Pair pseudocoding. Most of our participants were not comfortable writing Python code at the beginning of the CV4E Workshop, so we wanted to provide frequent opportunities for hands-on coding. Whenever possible, instructors avoided writing code for the participants. To prevent participants from getting stuck on code design issues, we used pair pseudocoding:

  1. The instructor asks the participant to explain what they would like to accomplish, discussing until the goal is clear to both parties.

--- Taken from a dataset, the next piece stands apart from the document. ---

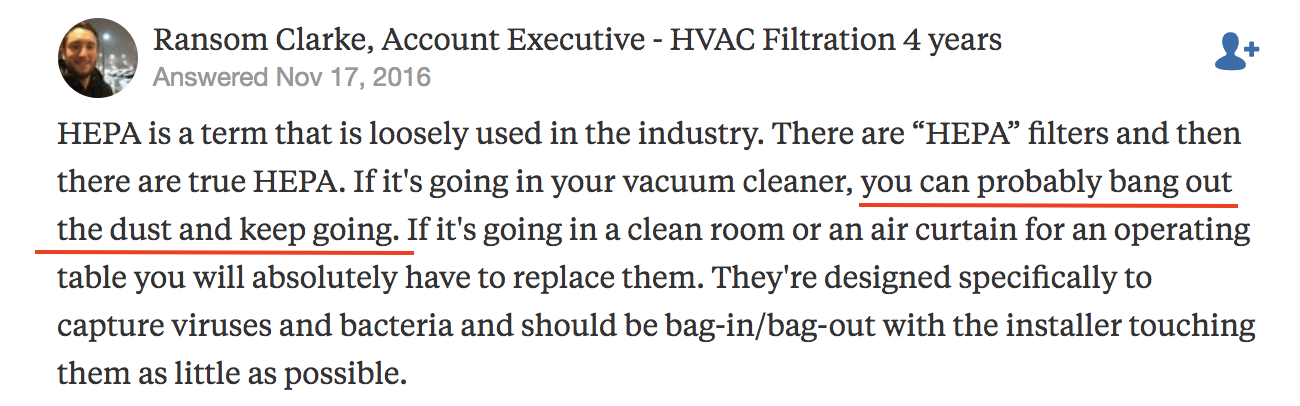 Expert explains you can clean a HEPA filter by banging out dust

  2. The instructor writes pseudocode that solves the problem and walks through it with the participant to help them understand the logic of the solution. The pseudocode can be more specific or vague depending on the participant’s needs.

  3. The participant writes Python code to solve the problem, while the instructor remains available to answer questions as they arise.

Goal statements. During the initial stages of the project, some of our participants felt like progress was not being made because the code didn’t “work” yet. To make their progress more salient, some instructors asked participants to make a goal statement at the beginning of each work session, and to check progress towards that goal at the end of each work session. This strategy helped participants to maintain motivation until more tangible results were obtained.

Contextualized lectures. Maintaining interest during lectures was not a significant problem for the CV4E Workshop due to the enthusiasm of the participants. However, it is easy for lectures on machine learning topics to become too abstract. We tried to ensure that the lectures remained grounded in applications and examples. Since each participant had their own applied problem in mind, we often paused lectures to ask participants to reflect on how the lecture topic applied to their individual projects. Participants shared their answers with the class, providing concrete examples that illustrated the lecture topic.

6 Conclusion

We have described our experience at the inaugural Resnick Sustainability Institute Summer Workshop on Computer Vision Methods for Ecology. We consider the format to be a success, as all of our participants trained models for their projects by the end of the workshop. However, we have also discussed some challenges we encountered and identified opportunities to improve the CV4E Workshop. We hope these observations will be useful for others who teach computer vision across disciplines.

7 Acknowledgements

We would like to thank the Resnick Sustainability Institute, Caroline Murphy, Xenia Amashukeli, and Pietro Perona for making the CV4E Workshop possible. Computing credits were provided by Amazon AWS and Microsoft Azure. We also thank the inaugural cohort of the CV4E Workshop: Antón Álvarez, Carly Batist, Peggy Bevan, Catherine Breen, Anna Boser, Tiziana Gelmi Candusso, Melanie Clapham, Rowan Converse, Roni Goldshmid, Natalie Imirzian, Brian Lee, Francesca Ponce, Alixandra Prybyla, Rachel Renne, Felix Rustemeyer, Taiki Sakai, Ethan Shafron, and Casey Youngflesh.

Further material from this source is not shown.